Van Dantzig died in an Amsterdam hospital from lymphoma and male breast cancer on 19 January 2012, aged 78.

==Awards and honors==
Among the awards and honors that van Dantzig received in his lifetime were the following.
- 1956. Choreography Prize (Amsterdam)
- 1961. Prix de la critique
- 1969. Knight of the Order of Orange-Nassau
- 1970. Choreography Prize (Amsterdam)
- 1982. Verdienstkreuz am Bande (Germany)
- 1985. Sonia Gaskell Award
- 1991. Officer of the Order of Orange-Nassau
- 2002. Lifetime Achievement Award (Prix Benois de la Danse)
- 2005. Silver Medal (Amsterdam)

==Selected dance works==
- 1955. Nachteiland (Night Island), music by Claude Debussy.
- 1958. De Familiekring (The Family Circle), music by Béla Bartók.
- 1961. Jungle, music by Henk Badings.
- 1965. Monument voor een Gestorven Jongen (Monument for a Dead Boy), music by Jan Boerman.
- 1967. Romeo en Julia, music by Sergei Prokofiev.
- 1968. Ogenblikken (Moments), music by Anton Webern.
- 1969. Epitaff (Epitaph), music by György Ligeti.
- 1970. Onderweg (On the Way), music by Isang Yun.
- 1971. Geverfde Vogels (Painted Birds), music by Niccolò Castiglione plus a recording of the final chorale of Bach's St. Matthew Passion.
- 1973. Here Rests: A Summer Day, music by Franz Schubert.
- 1973. Ramifications, music by György Ligeti.
- 1975. Blown in a Gentle Wind, music by Richard Strauss.
- 1975. Collective Symphony, with Hans van Manen and Toer van Schayk, music by Igor Stravinsky.
- 1976. About a Dark House, music by Roman Haubenstock-Ramati.
- 1976. Romeo en Julia (second version), music by Sergei Prokofiev.
- 1977. Gesang der Jünglinge (Song of the Youths), music by Karlheinz Stockhausen.
- 1977. Vier Letzte Lieder (Four Last Songs), music by Richard Strauss.
- 1979. Life, with Toer van Schayk, music by various composers.
- 1980. Antwoord Gevend (Answering), music by Anton Webern.
- 1981. Onder Mijne Voeten (Under My Feet), music by Peter Schat.
- 1987. Buigen of Barsten (Bend or Break), music by Chiel Meijering.
- 1987. Sans Armes, Citoyens!, music by Hector Berlioz.
- 1988. Zwanenmeer (Swan Lake), music by Pyotr Ilyich Tchaikovsky.
- 1990. Aartsengelen Schlachten de Hemel Rood (Archangels Butcher the Heavens Red), music by Giya Kancheli.

==Selected writings==
- 1974. "The Dutch Inheritance," in Ballet and Modern Dance, with Contributions by Leading Choreographers, Dancers, and Critics.

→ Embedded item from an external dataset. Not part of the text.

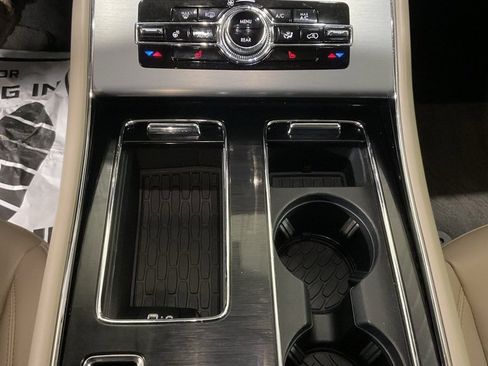 Used 2023 Lincoln Aviator 2WD w/ Premium Package image 21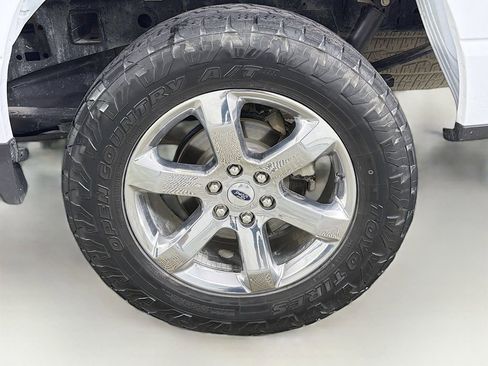 Used 2022 Ford F150 Lariat image 34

London: Octopus Books, pp. 113–117.
- 1978. "A Question of Values," in Visions: Ballet and Its Future, edited by Michael Crabb. Toronto: Simon & Pierre.
- 1981. Olga de Haas: Een Herinnering (Olga de Haas: A Memory). Zutphen, Netherlands: Wahlberg Pers.
- 1982. "Clint Farha: The Dutch National's Wild Boy". Dance Magazine (New York), December 1982, pp. 52–55.
- 1986. Voor een Verloren Soldaat, translated by Arnold J. Pomeranz as For a Lost Soldier (London: Bodley Head, 1991). Filmed in the Netherlands, with a screenplay by Roeland Kerbosch, Don Block, and Rudi van Dantzig, directed by Roeland Kerbosch, and released on DVD by Strand Releasing in 2002.
- 1993. Remembering Nureyev: The Trail of a Comet, translated by Katie de Haan. Gainesville: University Press of Florida, 2008.
- 2003. Het Leven van Willem Arondéus, 1874-1943: Een documentaire (The Life of Willem Arondeus). Amsterdam: De Arbeiderspers.
- 2007. Life behind the Metaphor: Rudolf Nureyev and the Dutch National Ballet, with Rudolf Nureyev and photographs by Roger Urban. Lexington, Mass: Nureyev Legacy Project.
- 2012. Memories of Sonia Gaskell, published posthumously.